For many of us it’s a day that just passes. It’s nothing that we want to celebrate, but nothing that we want to forget either. I think I’ve grown to know how to be alone on Christmas, but it doesn’t mean it still doesn’t hurt. It just means it is what it is. I’ve learned how to be alone a lot in life. I guess that’s why alone on Christmas really got to me and why it really struck a nerve.

I’m the queen of being able to teach people how to be alone. I can make you understand the advantages of being alone. Alone in your thoughts and your own world. Maybe you can justify and explain to yourself while you don’t need a relationship because love is for people that aren’t you.
STARTS SIMPLE
Maybe you’ve convinced yourself that you aren’t meant for a romantic kind of love. Single on the 25th, explores what it’s like to learn to be alone, by telling the story of two neighbors who awkwardly interact, but find that changing over the Christmas season.
It starts simply. Nell orders takeout goes downstairs to get the food. She forgets her keys, locking herself out and has to get Cooper to let her in. The two may be neighbors, but that doesn’t mean the interact on the regular. When he lets her back in, she’s also locked herself out of her apartment, so again, she has to ask him for help. The super is out of town, she’s left a message for a friend, and is going to wait in the hallway for her friend. Nell and Coopers initials interactions are painful to watch.
She is anxious. Cooper is supposed to go on an Aspen ski trip for the holidays, avoiding Christmas with his family altogether.

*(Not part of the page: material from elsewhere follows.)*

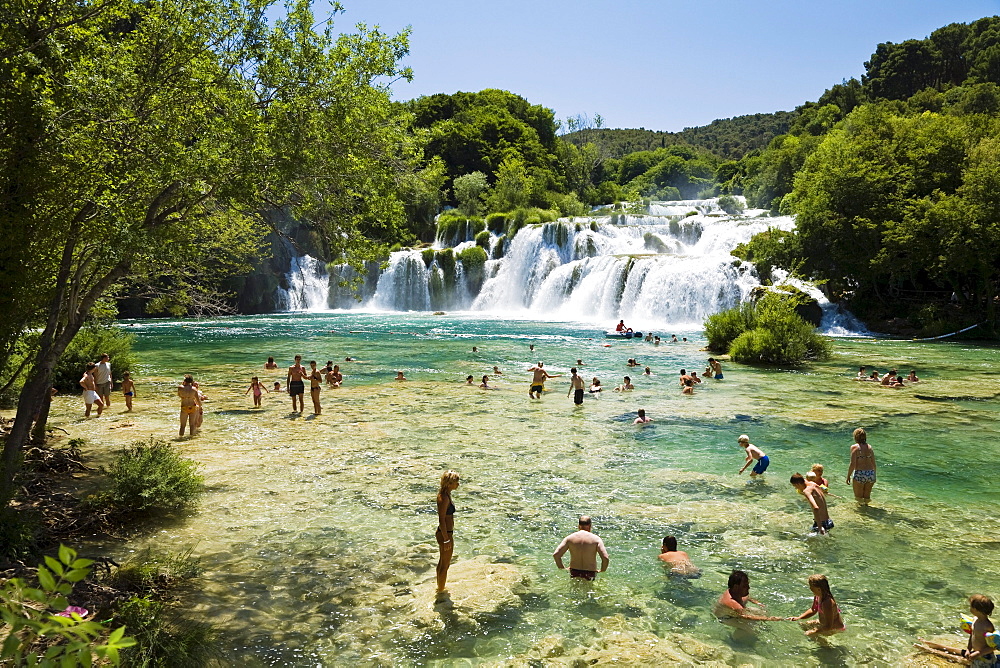 People bathing in the river at Krka waterfalls, Krka National Park, Dalmatia, Croatia, Europe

Nell, well her family was supposed to come to Chicago, but unfortunately one family member gets injured and then babies come early and suddenly no one can come. Nell is worried about all the money she’s going to lose, because she’s going to need to cancel things. Cooper asks why.

Cooper is the hot neighbor that one of us would fall for (I swear I wish they would let him use his Australian accent), but he’s saying dumb things here. He has a whole speech planned basically on how learning to be alone and somehow makes that seems exciting. She’ll avoid questions.
QUESTIONS SUCK
When you are an adult and you are not married, everybody thinks you should be married with kids. Life isn’t that easy. It’s not always about finding somebody. But maybe what life is about is finding yourself first (and they both seem lost). And before you know it, he has talked her into staying in Chicago for Christmas to experience things alone.
What is hard for Nell is she realizes that Christmas; a big part of it is romance. I think that was the hardest part for her to experience. She’s somebody who wants to be loved and I think Cooper is too I just think that for this moment in time he thinks that being alone is better. For him it’s safe and comfortable and he doesn’t seem like the person that is ever going to think or journey out of his comfort zone.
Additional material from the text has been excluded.